I didn't mind. I didn't mind in the least, now that we were alone. I wasn't bothered by Caesar's indignant grumblings on my shoulder, and I was hardly even embarrassed when we ended up sneaking into Charms class to the sound of old Flitwick's exasperated sigh. I found my high to be enduring for most of the rest of the day in fact; that I'd entirely forgotten Xander's toast that morning and was subjected to his puppy-dog eyes until lunchtime, or that Rhali seemed unable to withhold her smirks as Scor and I fell into adjacent seats didn't faze me in the slightest. My good humour lasted up to and past the conclusion of the day, and was rekindled with a fiery spark when the two of us found ourselves drawn like a magnet towards the Room of Requirement that night.

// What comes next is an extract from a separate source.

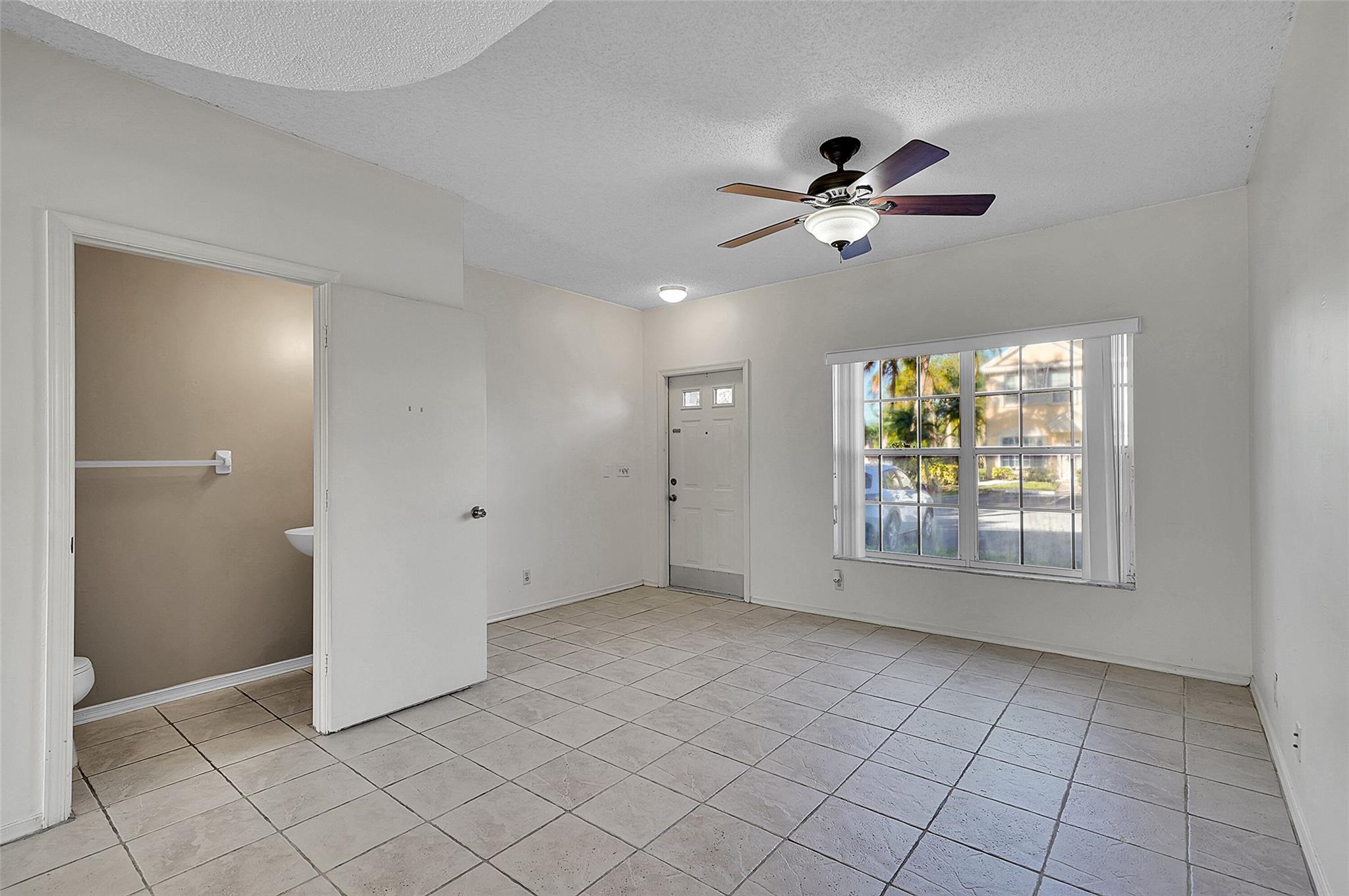 Bonaventure 82-43 B - Residential Lease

If only the good times could last. But that would be just too perfect, wouldn't it?
The first calamity to fall was the reality of our studies. Granted, we were in seventh year so if there were ever a time for professors to be piling on the workload it would be now.

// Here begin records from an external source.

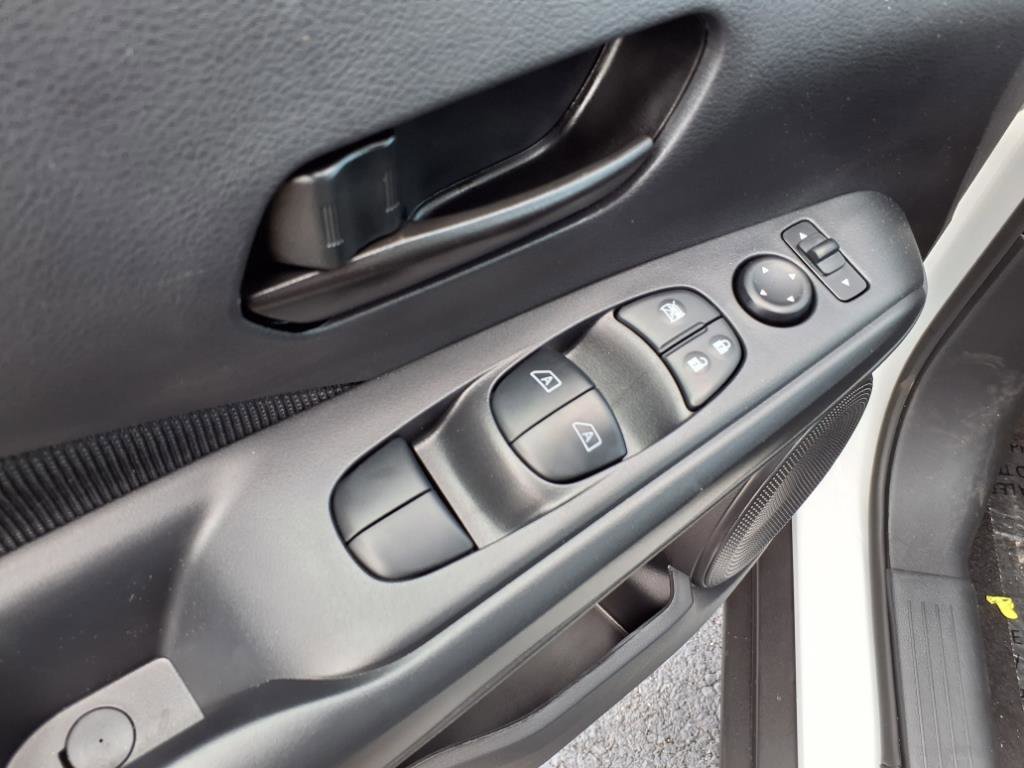 New 2025 Nissan Kicks Play S FWD image 16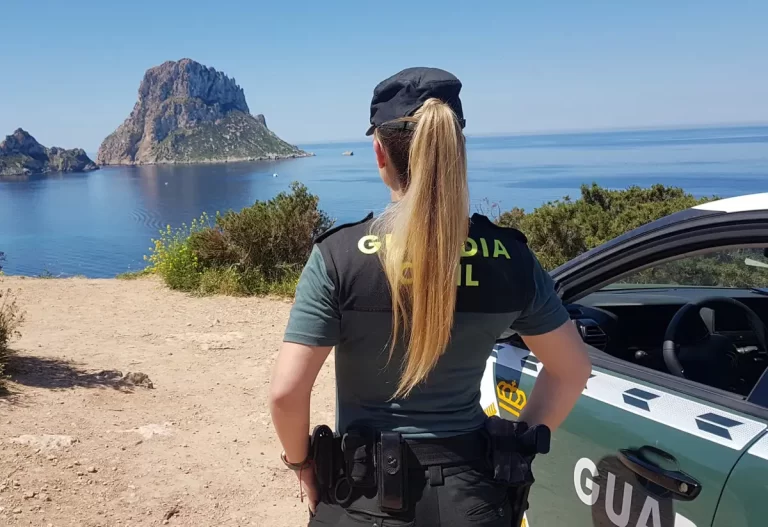 Encuentran el cuerpo de un migrante en las aguas de Sant Josep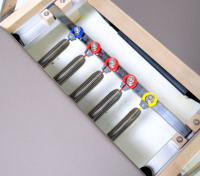 Reformer de Pilates pliable en érable de haute qualité avec boîte d'assise, ressorts et roues silencieuses pour la pratique du yoga à domicile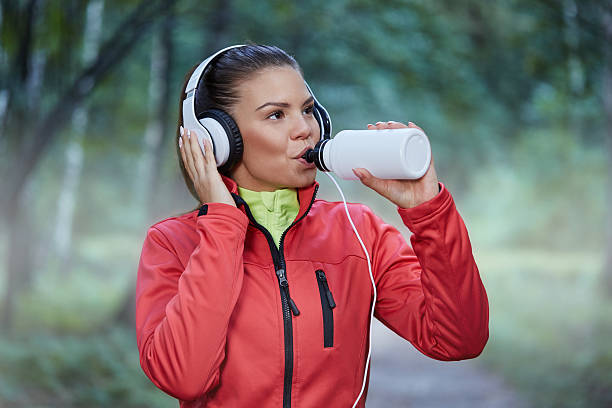 istock Sposrtswoman drinking isotonic drink 617881492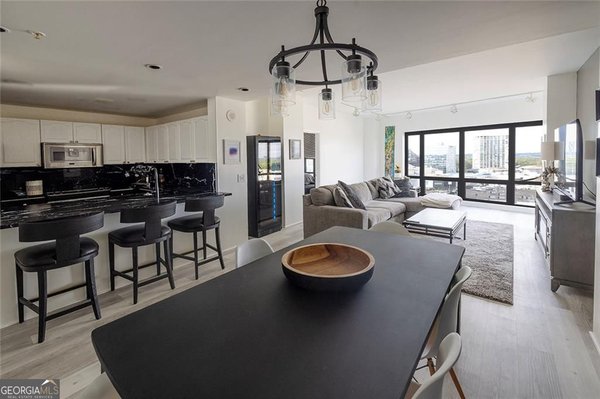 3475 Oak Valley Road, Atlanta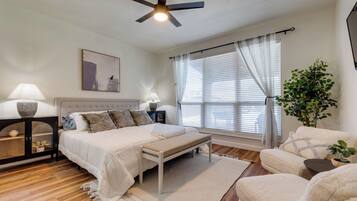 6 dormitorios, escritorio, tabla de planchar con plancha y cuna de viaje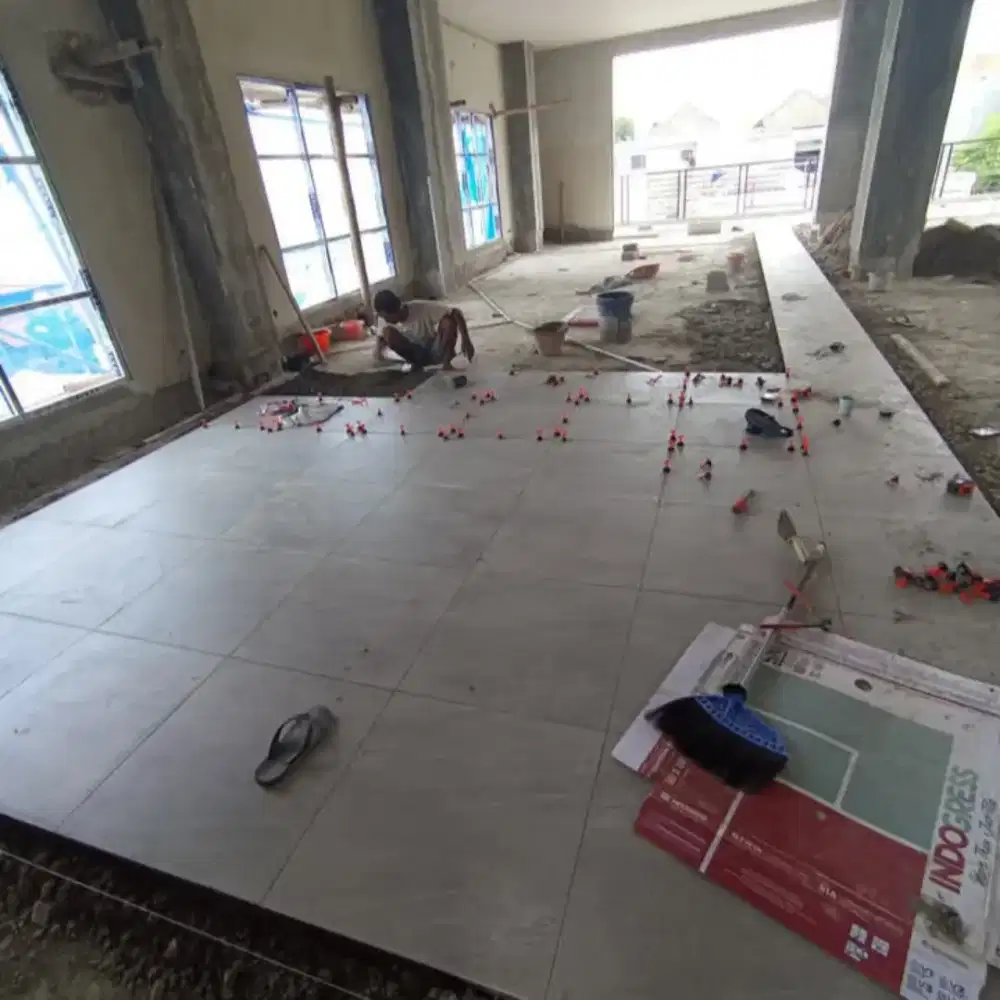 Tukang harian dan borongan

Did they really have to do it quite so drastically, though?
By the end of our first week, I had resigned myself to the fact that I was really, really going to have to knuckle down and study. Really. The quartet of essays I'd been assigned on Friday were just the cherry on top of a sundae of reports, diagrams, annotated descriptions and textbook readings that my entire year had been assigned in the week following Christmas break. I did believe that even Scor was a little intimidated by the sheer magnitude of what had been left to us. Ozzy wore a permanently mournful expression whenever he held a quill in his hand, while Rhali just looked disgruntled. Disgruntled and indignant, as though she questioned the very nerve of the professors to assign us such a flood of homework.
I admit that I didn't do well under heavy workloads. I realise that sounds indulgent, but I seriously didn't. And the more work that piled on top, the worse it got. It was a pretty typical situation for senior students, was sure, but that knowledge didn't soften the reality of the situation in the slightest. I'd heard about the breakdowns of seventh years, the panic attacks and mania surrounding exams. Last year there was a bit of a frenzy around the Defence practical exam when a boy had a minor trip into insanity, blew up a spell in his own face and fled in a fit of terror into the Forbidden Forest. It took the professors three hours to find him, drag him out and calm him down.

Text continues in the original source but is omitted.